Bithumb commits to repay unrecovered funds after regaining 99.7% of platform BTC error

Source Cryptopolitan

Bithumb, a South Korean cryptocurrency exchange, eased tensions in the ecosystem after announcing it had resolved an issue stemming from a promotional reward mistake. This incident occurred when too much Bitcoin was mistakenly allocated to user accounts.

This announcement was made public when the exchange disclosed that it recovered 99.7% of the overpaid BTC the same day it noticed the problem. For the remaining 0.3%, which consists of roughly 1,788 Bitcoins, the company highlighted that it had already been sold.

Therefore, to ensure that its clients’ balances were accurate, Bithumb covered the sold cryptocurrency with its funds.

In a statement dated Sunday, February 8, the crypto exchange mentioned that, “Bithumb’s total holdings of all virtual assets, including Bitcoin (BTC), fully match or exceed user deposits.”

Individuals raise safety concerns amid Bithumb’s promotional reward mistake

The incident, which took place on February 6, 2026, erupted when Bithumb intended to award modest rewards — about 2,000 Korean won (roughly $1.40–$1.95) per user — during a promotional event.

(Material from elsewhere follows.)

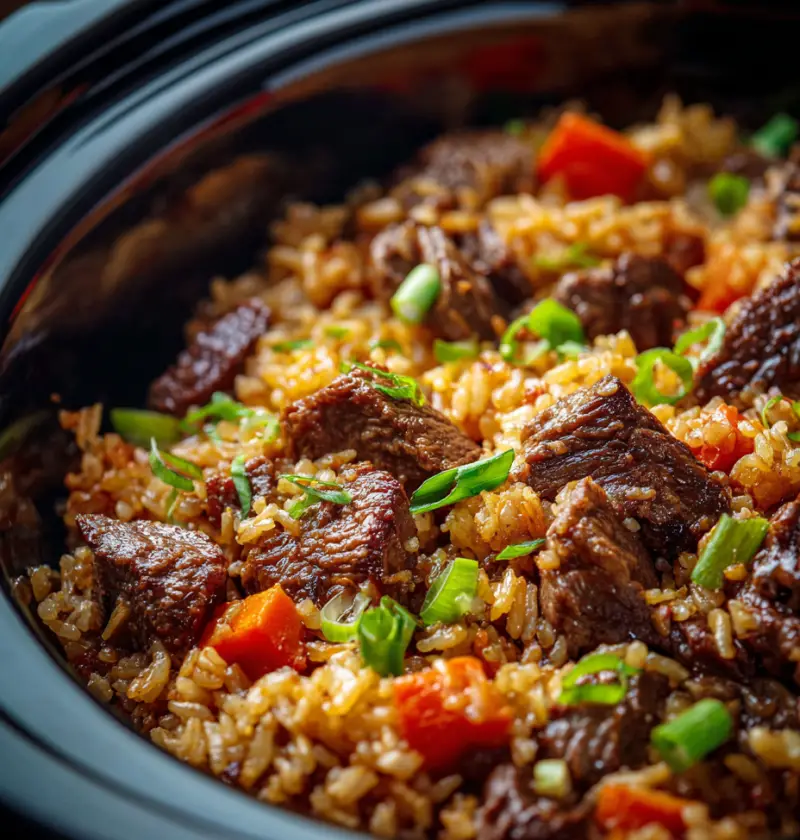 Baked Onion Beef Fried Rice with Mixed Vegetables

Instead, a system or input error credited about 2,000 BTC per eligible account, resulting in an erroneous allocation of about 620,000 BTC, valued at more than $40 billion–$60 billion at prevailing market prices.

Bithumb explained that Bitcoin credited in excess was mostly acquired directly from user accounts, while the portion already liquidated in the market was reimbursed using Bithumb’s corporate reserves.

Apart from this, reports noted that the South Korean exchange announced compensation measures under which those who actively used the platform at the time of the incident would be awarded 20,000 Korean won ($15) each.

Moreover, those who traded their Bitcoin holdings at terrible prices at the time of the issues were promised to recover their full sale amount plus an additional 10%. The company also pledged to waive trading costs across all markets for 7 days, commencing on Monday, February 9.

At this particular moment, reports reached out to the crypto exchange’s executives seeking answers to the problem’s root cause. In response to this request, the team stated that the incident was caused by a technical malfunction. This glitch occurred during a promotional event, leading to the distribution of an excessive amount of Bitcoin to some user accounts.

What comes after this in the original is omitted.